Irawan Asaad, Director of Climate Change Mitigation at the Ministry of Environment/Environmental Control Agency, said that as part of its international commitment, Indonesia has ratified the Paris Agreement. The energy sector plays a major role in this effort, with significant emission reduction targets, including the use of renewable energy and low-carbon technology. However, hydrogen has not been fully included in Indonesia’s Nationally Determined Contribution (NDC) strategy despite its great potential for emission reduction.
“Indonesia also focuses on energy efficiency, renewable energy development, and the use of low-carbon fuels to reduce emissions. In addition to the energy sector, the transportation and industrial sectors, including electric vehicles and green buildings, are also part of the climate change mitigation strategy. To achieve this target, collaboration between the government, private sector, and other stakeholders is very important,” Irawan emphasized at the Global Hydrogen Ecosystem 2025 event which was also sponsored by the Institute for Essential Services Reform (IESR) with support from the British Government through the Green Energy Transition Indonesia (GETI) project, on Wednesday (16/4).
Meanwhile, Fabby Tumiwa, Executive Director of the Institute for Essential Services Reform (IESR) emphasized that the reduction in the cost of green hydrogen can be achieved through two main factors, namely the reduction in the cost of renewable electricity and the reduction in the cost of electrolysis. IESR analysis shows that the cost of producing green hydrogen in Indonesia, especially from solar power, is expected to continue to decline and could reach USD 2 per kilogram by 2040. To achieve this target, Indonesia needs to address key cost factors through coordinated steps.
“The Indonesian government needs to implement policies that can reduce the cost of producing green hydrogen through policies on the supply and demand side. For example, implementing a tax credit policy like the United States, which offers incentives of up to USD 3 per kilogram to reduce production costs. In addition, contracts for price differences implemented in Japan can help producers by guaranteeing the difference between production costs and market prices,” said Fabby.
Then, on the demand side, said Fabby, policies such as the consumption mandate implemented in the European Union through the Renewable Energy Directive (RED III), which requires the use of clean hydrogen in the transportation and industrial sectors, are also important. Financial incentives for end users, such as support for hydrogen vehicles and infrastructure implemented in the United States through the Low Carbon Fuel Standard (LCFS), can also encourage the adoption of clean hydrogen.

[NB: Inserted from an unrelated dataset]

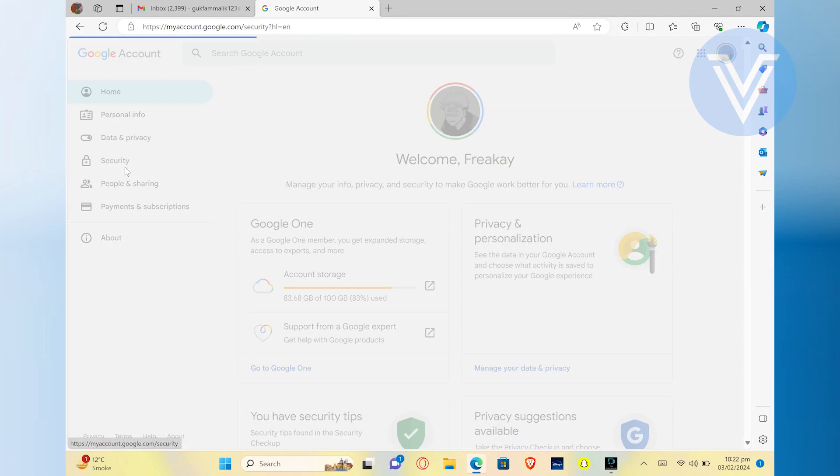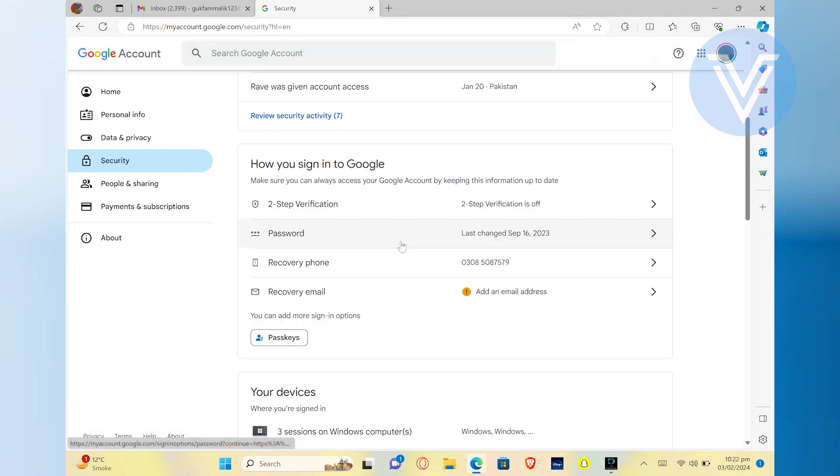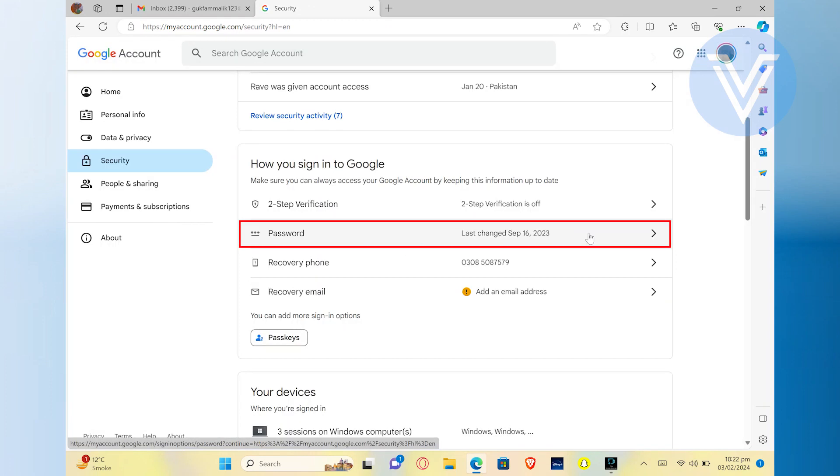Now scroll down, and in the how you sign into Google section, you will find the option to change your password. So simply click on it.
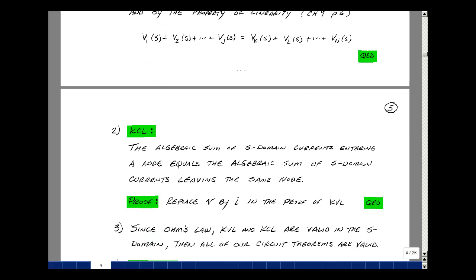How about Kirchhoff's Current Law? The theorem states: the algebraic sum of the S-domain currents entering a node equals the algebraic sum of the S-domain currents leaving the node. The proof is very similar to the proof for KVL — we're just replacing V by I. Since Ohm's Law, Kirchhoff's Voltage Law, and Kirchhoff's Current Law are all valid in the S-domain, then all of our circuit theorems are also valid in the S-domain. These are the properties of transformed circuits.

On the other hand, Muhammad Akbar Rhamdhani, Director of the Fluid and Process Dynamics (FPD) Group, Swinburne explained that currently several methods have developed in water electrolysis technology for hydrogen production. One of them is alkaline electrolysis, which is the most mature method and is already available for large-scale production.
“Although the production cost is lower, this technology still faces challenges in terms of low current density and suboptimal efficiency. Therefore, research and development need to be continued to improve the efficiency and durability of electrolysis technology,” Akbar emphasized.